Kepiawaian Waljinah tidak hanya dalam menyanyi, ia juga mampu
mengkoordinir sejumlah pemusik keroncong dan memimpinnya lewat Orkes
Keroncong Bintang Surakarta. Orkes yang mengiringi setiap rekaman
album-album Waljinah. Hampir semua pencipta lagu-lagu keroncong pernah
menyodorkan karyanya untuk dibawakan Waljinah. Sebut saja, Gesang,
Ismanto, Anjar Ani, Sapari dan tidak ketinggalan dalang Ki Nartosabdho.
Para pencipta tersebut memiliki kepercayaan, lagu karyanya semakin indah
dan hidup lewat suara emas Waljinah. Waljinah memang memiliki karakter
sendiri. Hampir semua lagu yang dibawakannya berliriknya berbahasa Jawa,
hanya satu dalam bahasa sunda, yaitu Bajing Loncat karya Kosomandjaya
dalam album Djangkrik Gengong.
Percaya Diri
Lewat album Badai Pasti Berlalu milik Chrisye yang direkam ulang bersama
Erwin Gutawa, tiba-tiba nama Waljinah muncul sebagai guest stars
bersama Nicky Astria dan Aning Katamsi (seriosa). Chrisye juga menggaet
Waljinah ke atas panggung dalam pergelarannya, pekan lalu. Peristiwa ini
jelas menjadi pengobat rindu pagi penggemar Waljinah. Sekaligus
memperkenalkan publik remaja sosok penyanyi yang selama 30 tahun lebih
mempunyai namanya tidak pudar dan konsisten pada musik atau budaya
bangsa.
Waljinah yang jauh lebih senior dari Chrisye tampil begitu percaya diri
di panggung. Ia tampak tidak sungkan dan grogi memasuki ‘belantara musik
populer’. Waljinah tetap tampil dengan gayanya seorang Waljinah.

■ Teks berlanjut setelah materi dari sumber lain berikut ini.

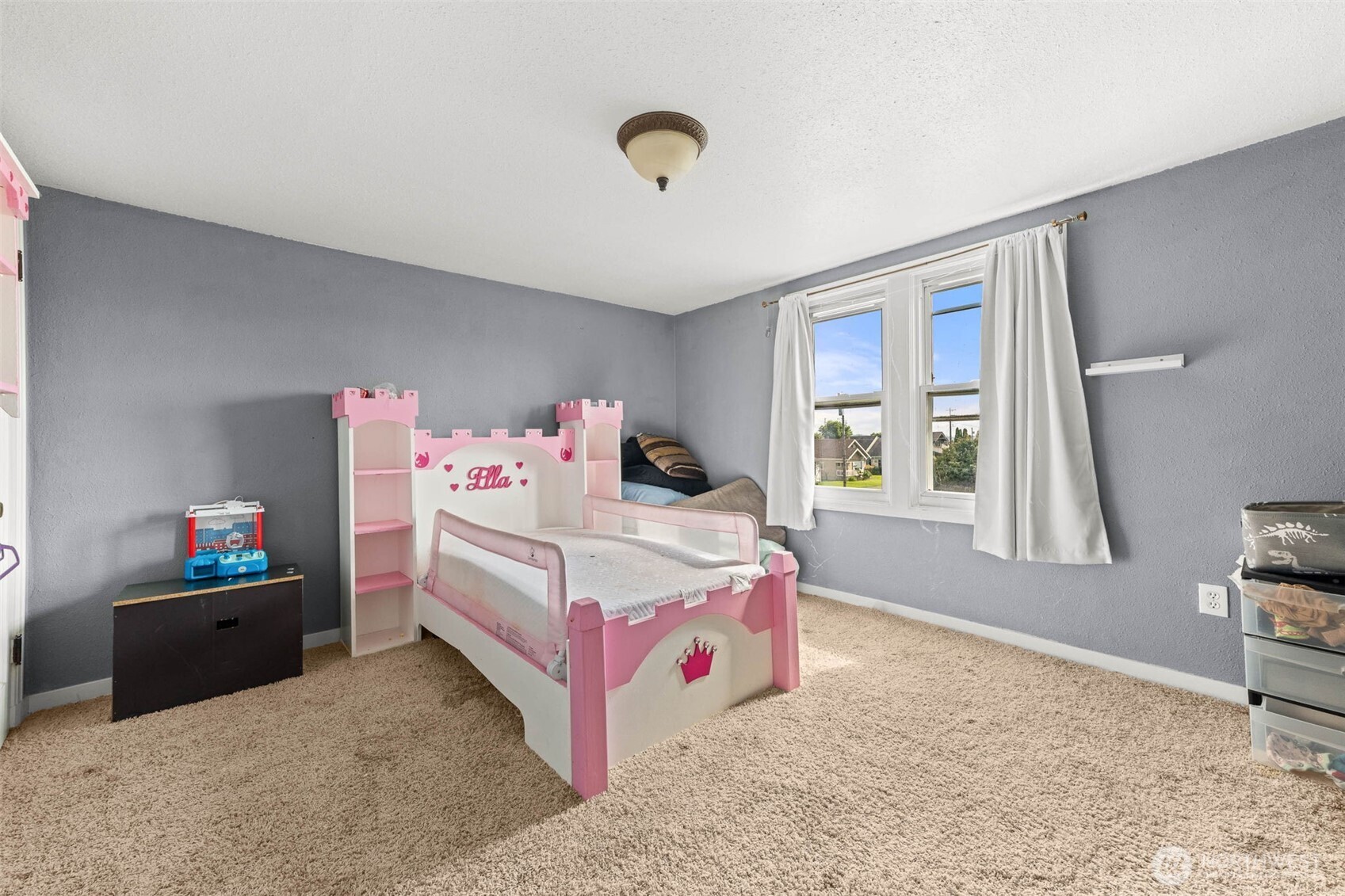 422 W 3rd Street Property Photo 19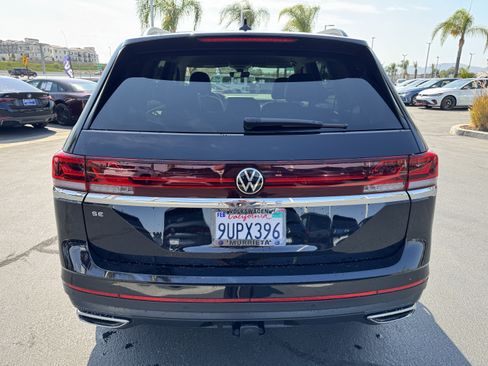 Used 2026 Volkswagen Atlas SE FWD image 8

Mengenakan pakaian yang kontras dengan dunia musik pop, stelan kebaya,
rambut disanggul dan selendang panjang ‘semampir’ di pundaknya, Waljinah
tampil tanpa salah. Ia disambut tepuk tangah meriah dan teriakan
penonton, entah kagum atau mengolok-olok gayanya. Maklum penontonnya
banyak kaum muda yang bangga akan budaya asing dan hampir-hampir tidak
mengenal musik keroncong. Mereka menilai keroncong adalah ‘kuno’ dan
tidak memiliki gengsi. Boleh jadi, sama sekali tidak ada yang tahu,
Waljinah hidup makmur lewat musik bangsanya.

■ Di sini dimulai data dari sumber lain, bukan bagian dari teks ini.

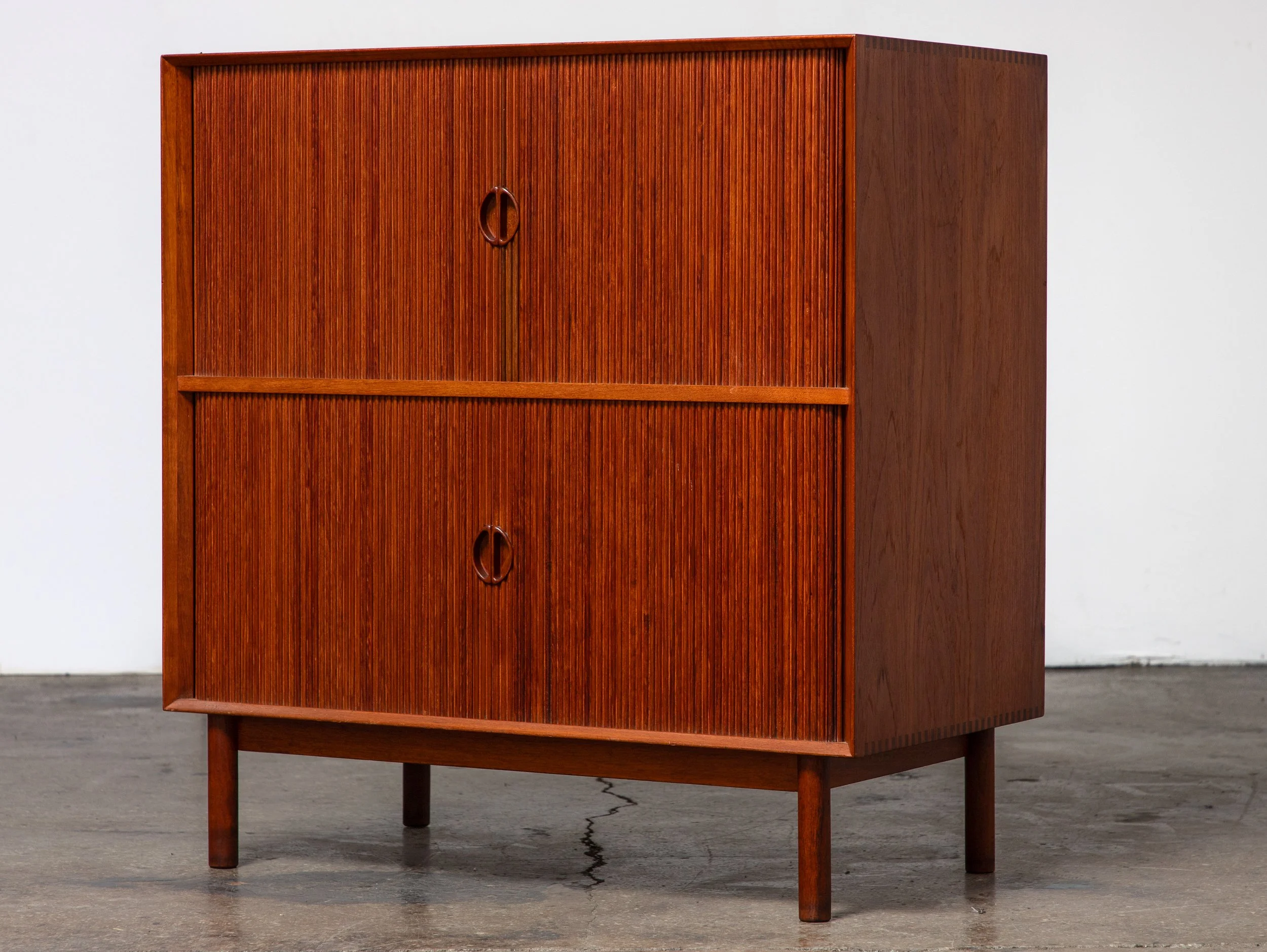 OAM_Soborg_Cabinet_Tambour_Cabinet-1.jpg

Dibandingkan Chrisye yang tidak pandai bergaya, monoton, apa pun irama
lagunya tetap tidak bergerak, gaya Waljinah lebih hidup dan luwes di
panggung. Begitu keluar, Waljinah langsung menyanyi, ‘menyapu’ panggung
dan mengunjungi penonton, sebelum sampai kepada Chrisye. Semuanya
dilakukan dengan profesionalitas seorang Waljinah. Gaya dan senyumnya
menunjukkan ia begitu percaya diri. Tidak gentar dengan seorang Chrisye,
Nicky Astria, Aning Katamsi yang ia tahu bahwa penonton pergelaran
pasti lebih mengenal mereka daripada dirinya.
Spontan
Berbeda dengan Nicky yang banyak berimprovisasi dalam gerak dan lagunya,
malam itu, Waljinah menyanyi sesuai dengan partitur rekaman. Gayanya
pun tetap anggun, kontras dengan gaya rock Nicky. Ia tetap
mempertahankan cengkok keroncong dengan warna suara sinden mendendangkan
lagu Semusim.
“Ajakan terhadap Waljinah membawakan lagu Semusim dalam album Badai
Pasti Berlalu terjadi secara spontan ketika mulai proses rekaman. Saat
itu juga kami menghubungi Waljinah dan langsung mengirimkan lagu yang
akan dibawakannya. Hanya dua kali berkomunikasi, kemudian Waljinah
datang ke Jakarta langsung rekaman,” ceritera Chrisye di Studio Musica.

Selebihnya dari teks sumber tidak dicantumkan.